Back

OpenSearch Serverless: How It Works and Getting Started in 3 Steps

Coralogix Team Apr 04, 2024

8 mins read

Primary Use Cases for OpenSearch Serverless

OpenSearch Serverless can be used for the following tasks.

Log Analytics

Amazon OpenSearch Serverless is designed to handle log analytics efficiently. This includes collecting, monitoring, and analyzing system and application logs at scale. By leveraging serverless technology, it automatically scales according to the volume of data, managing changing workloads without the need for manual intervention.

Organizations can ingest logs directly from various sources like AWS CloudTrail, Amazon VPC Flow Logs, and custom application logs. This process simplifies the management and analysis of large volumes of log data.

Full-Text Search

OpenSearch Serverless supports full-text search capabilities, allowing businesses to easily implement search functionality within their applications or websites. It enables complex search queries, including fuzzy matching, auto-completion, and synonym searching.

The serverless nature of the service ensures that it scales automatically to handle growth in data volumes without manual scaling or management. This feature significantly reduces the operational burden and costs associated with managing a large-scale search infrastructure.

How Amazon OpenSearch Serverless Works

Separating Ingest from Query Operations

Amazon OpenSearch Serverless utilizes a cloud-native architecture that differs from traditional OpenSearch clusters. In traditional setups, a single cluster of instances is responsible for both indexing data and performing search queries, with the data storage closely tied to the compute resources. This configuration can lead to inefficiencies, especially as the volume of data and the number of queries grow.

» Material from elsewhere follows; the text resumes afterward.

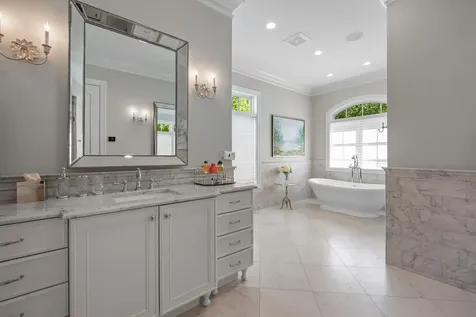 1150 West Keswick Lane W Lake Forest IL 60045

OpenSearch Serverless separates these functions into distinct components. The indexing (ingest) process is decoupled from the search (query) operations, with Amazon S3 serving as the primary storage repository for indexes. This separation allows each component to scale independently based on its specific needs, ensuring that resources are utilized efficiently.

Source: AWS

OpenSearch Compute Units (OCUs)

When data is written to a collection in OpenSearch Serverless, it is distributed across indexing compute units designed for ingestion. These units process the incoming data, creating indices which are then stored in Amazon S3.

Upon receiving a search request, OpenSearch Serverless directs the query to dedicated search compute units. The units access the indexed data by retrieving it from S3 or locally cached copies, then execute the search operations and return results. This allows for high-performance querying and data analysis without the limitations imposed by traditional architecture.

OCUs are the basic measure of compute capacity for data ingestion and querying operations. Each OCU consists of 6 GiB of memory, an associated virtual CPU (vCPU), and includes data transfer capabilities to and from Amazon S3. Additionally, each OCU is provisioned with ephemeral storage sufficient for holding up to 120 GiB of index data.

As more collections are added within the same account, OpenSearch Serverless dynamically adjusts the number of OCUs to meet the demand, scaling up or down based on the workload.

Standby Replicas

Upon creating the first collection in an OpenSearch Serverless setup, two OCUs are initiated—one dedicated to indexing and another for search operations. To enhance reliability, OpenSearch Serverless also sets up standby nodes in an alternative Availability Zone, ensuring that operations can continue smoothly in case of a failure.

For development or testing environments, users have the option to disable these standby replicas to conserve resources. By default, however, these replicas are enabled, providing a redundant setup that ensures high availability and resilience.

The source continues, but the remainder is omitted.